The Women’s Suffrage NYC Centennial Consortium is co-chaired by Janice Monger, president & CEO of the Staten Island Museum, and Valerie Paley, director of the Center for Women’s History and senior vice president and chief historian at the New-York Historical Society, to bring together a group of vital New York City cultural organizations with a shared vision to honor the Women’s Suffrage Centennial.
“We are so proud to bring together this collective of organizations and colleagues who share the vision that women’s stories are important and need to be told. All of these activities represent multi-faceted, nuanced cultural and historical insights into the early 20th century movement and equality in progress today,” said Janice Monger, consortium co-chair and Staten Island Museum president & CEO.
“In an effort that was many decades in the making, a century ago, women came together to fight for and win the right to vote. While that right was not fully and immediately extended to all women, their continued collective action galvanized movements to expand and give substantive meaning to American democracy after the suffrage victory,” said Valerie Paley, consortium co-chair and senior vice president and chief historian at the New-York Historical Society, where she directs the Center for Women’s History. “Through these cultural experiences across New York City, we hope New Yorkers and visitors alike will be inspired by the women who made history and the women who are making history now,” she added.

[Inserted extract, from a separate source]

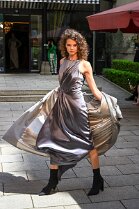 AG_ 229 Anja Gockel zeigt ihre Winterkollektion 2022/2023 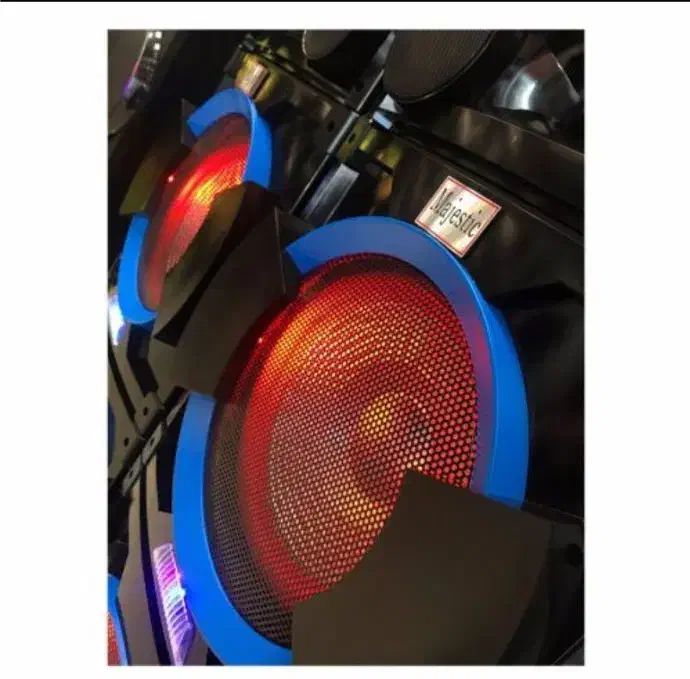 اسپیکر mjestic|سیستم صوتی خانگی|شیراز, شهرک دارایی|دیوار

The Women’s Suffrage NYC Centennial Consortium will continue to grow as new programs and exhibitions are announced during the year.
For a full list of exhibitions, events, and programs, visit WomensSuffrageNYC.org.
Where Women Made History
Meanwhile, the National Trust for Historic Preservation is compiling a catalog of 1000 sites associated with women of accomplishment and is more than halfway to the goal of identifying places Where Women Made History and is inviting people to submit entries (go to the site to submit a photo and short description).
“This year the United States commemorates the 100th anniversary of women gaining the right to vote, providing an important opportunity to celebrate the place of women in American history. While history, of course, is complicated, and voting rights for many women continued to be denied because of discriminatory practices, we at the National Trust want to tell the full history—to uncover and uplift women across the centuries whose vision, passion, and determination have shaped the country we are today. Our goal: discover 1,000 places connected to women’s history, and elevate their stories for everyone to learn and celebrate.
“But to do this, we need your help. What places have you encountered where women made history? They can be famous or unknown, protected or threatened, existing or lost. No matter their condition or status, these places matter, and we encourage you to share them with the world.
“Have a place you’d like to share? Submit a photo and a short description.”
Just checking the listings in New York State, I see already listed is Grange Hall, Waterloo, NY, associated with Belva Ann Lockwood; Harriet Tubman House and Gravesite, Auburn, NY; the former Triangle Shirtwaist Factory, New York City, “Little Nellie,” Newspaper Editress, Penfield, NY; Alice Austen House, Staten Island; and Matilda Joslyn Gage Center for Social Justice Dialogue, Fayetteville, NY.